**Dataset section**
+ + +

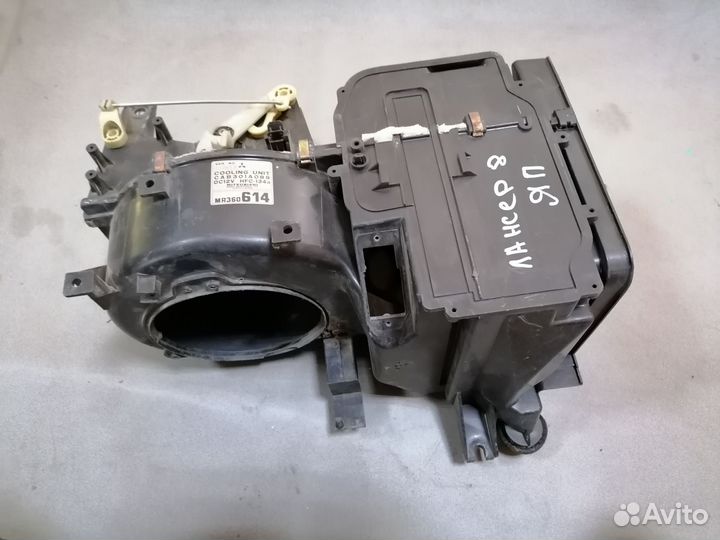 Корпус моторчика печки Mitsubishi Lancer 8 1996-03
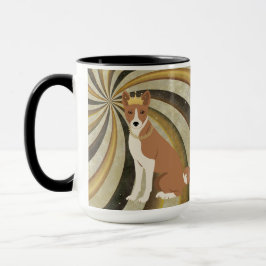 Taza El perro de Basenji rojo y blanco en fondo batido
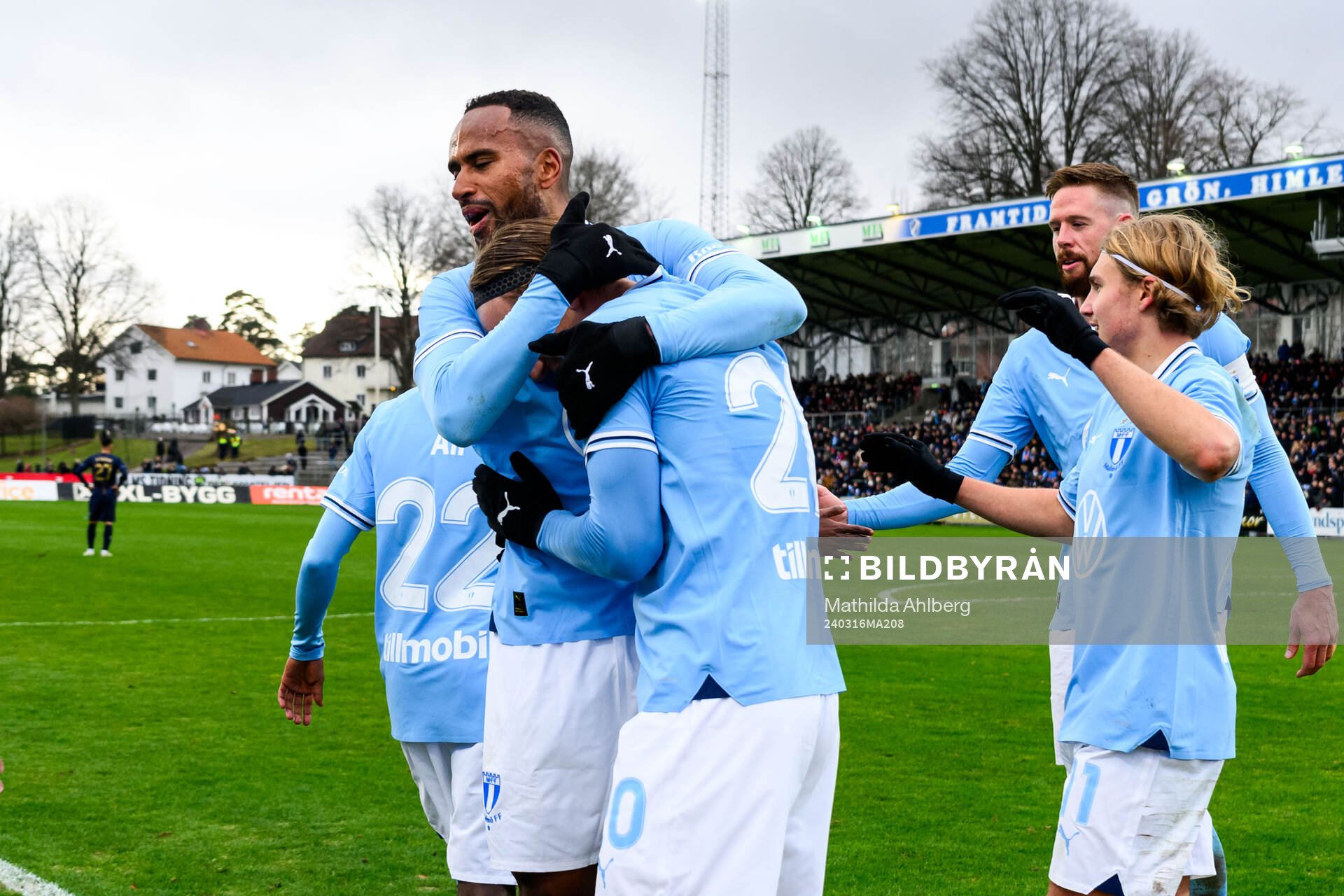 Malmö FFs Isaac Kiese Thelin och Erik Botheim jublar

+ + +

**Exercise goal**
Repeat every line of the data above exactly, but drop the pictures.

**Completed exercise**
 Корпус моторчика печки Mitsubishi Lancer 8 1996-03
 Taza El perro de Basenji rojo y blanco en fondo batido
 Malmö FFs Isaac Kiese Thelin och Erik Botheim jublar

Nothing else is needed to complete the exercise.